Changelog

All notable changes to this project are documented in this file.

The format is based on Keep a Changelog, and this project adheres to Semantic Versioning.

Unreleased

0.2.0 - 2026-06-10

Added

  • Declarative Pipelines (Spark 4.1+): SparkSession#pipeline returns a Pipeline (dataflow graph). Define outputs (create_table, create_materialized_view, create_temporary_view, create_sink) and flows (define_flow, define_sql), then start_run (with full_refresh/refresh/ dry/storage) which streams PipelineEvents; plus read and drop.
  • Structured Streaming: SparkSession#read_stream (DataStreamReader), DataFrame#write_stream (DataStreamWriter), StreamingQuery (status, recent/last progress, await_termination, process_all_available, stop, exception, explain), and SparkSession#streams (StreamingQueryManager: active, get, await_any_termination, reset_terminated).
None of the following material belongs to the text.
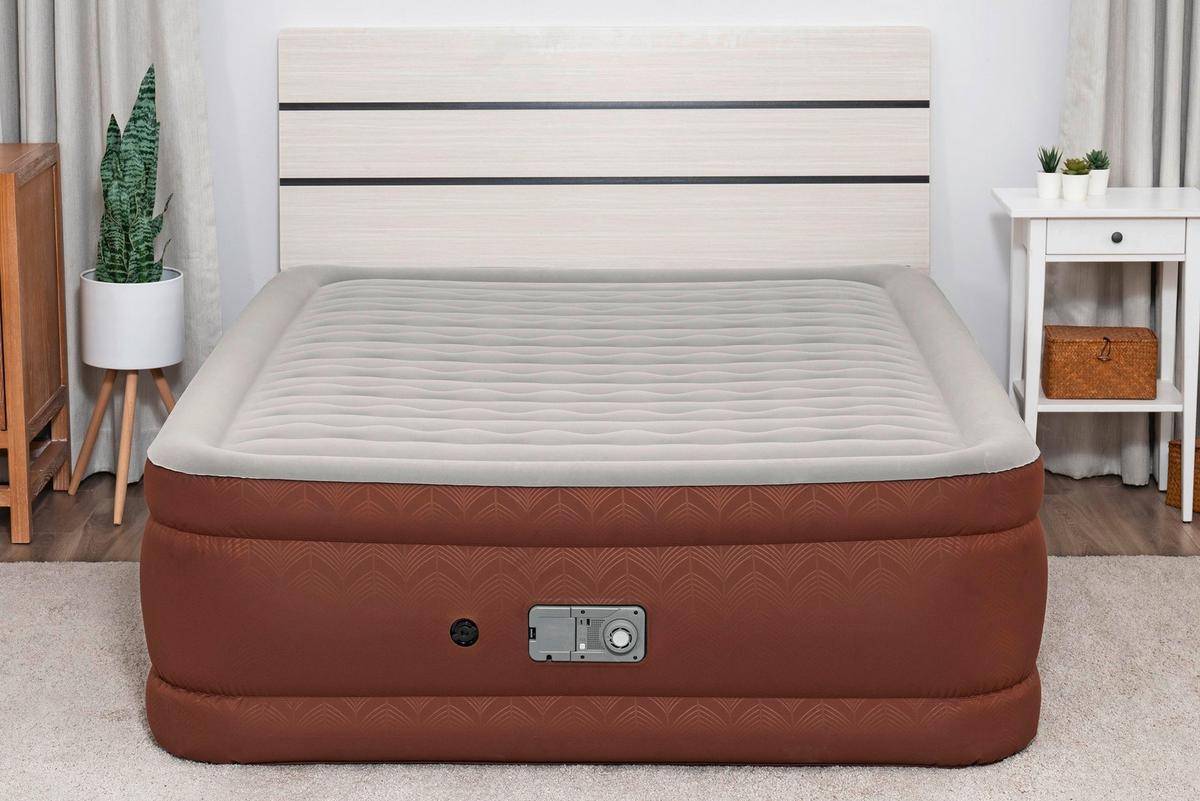 Luftbett Anastasia 203x152x51 Cm Bis 350kg, Inkl. Pumpe - Braun/Grau, KONVENTIONELL, Kunststoff/Metall (203/152/51cm) - Bestway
Supports triggers (processing-time, once, available-now, continuous), output modes, and file/console/memory/Kafka sinks. (foreach/foreachBatch and UDFs remain unsupported pending finalized protobuf definitions.)
  • Temporary views: DataFrame#create_temp_view / create_or_replace_temp_view / create_global_temp_view / create_or_replace_global_temp_view.
  • DataFrame#with_watermark, repartition_by_range, checkpoint / local_checkpoint, transform, col_regex, to_json, and each / to_local_iterator.
  • Catalog#create_table and Catalog#create_external_table.
  • SparkSession#new_session, interrupt_all / interrupt_tag / interrupt_operation, and operation tags (add_tag / remove_tag / get_tags / clear_tags) propagated on every execution.
  • Regenerated the vendored protobuf/gRPC stubs against Spark Connect 4.1.0 (adds pipelines.proto).
  • bin/console (an IRB session with spark/F/T) and bin/setup.

0.1.0 - 2026-06-10

Initial release.

Added

  • SparkConnect::SparkSession and its fluent Builder (remote, app_name, config, get_or_create/create), plus range, sql, table, read, create_data_frame, conf, catalog, version, and stop.
  • SparkConnect::DataFrame with the core transformation and action surface: select/select_expr, filter/where, with_column(s), with_column(s)_renamed, drop, distinct/drop_duplicates, order_by/sort/sort_within_partitions, limit/offset, group_by/rollup/cube/agg, join/cross_join, union/union_by_name/intersect/except/subtract, repartition/coalesce, sample, alias, hint, unpivot, to/to_df, collect/take/head/first/count/show/to_arrow, and plan introspection (schema, columns, dtypes, print_schema, explain).
  • SparkConnect::Column with Ruby operator overloads, aliasing, casting, sort ordering, predicates, when/otherwise, complex-type access, and over.
  • SparkConnect::Functions (F): a broad PySpark-compatible function library including aggregate, math, string, date/time, collection, JSON, conditional, hashing, and higher-order (lambda) functions.
  • SparkConnect::Window/WindowSpec for analytic window definitions.
  • SparkConnect::GroupedData, DataFrameNaFunctions (na), DataFrameStatFunctions (stat), and Observation.
  • SparkConnect::DataFrameReader, DataFrameWriter, and DataFrameWriterV2.
  • SparkConnect::Catalog and SparkConnect::RuntimeConfig.
  • SparkConnect::Types: a full Spark SQL type system with proto conversion, simpleString/DDL/JSON rendering, and schema trees.
  • SparkConnect::Row with positional, by-name, and method-style access.
  • Apache Arrow IPC result decoding and local-relation encoding via red-arrow.
  • gRPC client (SparkConnectClient, ChannelBuilder) with sc:// connection string parsing, TLS/bearer-token auth, and retry-with-backoff.
  • A structured error hierarchy (Error, ConnectionError, SparkConnectError, AnalysisError, ParseError, ...).
  • Vendored Spark Connect 4.1 protobuf/gRPC definitions and a regeneration script (bin/generate-protos).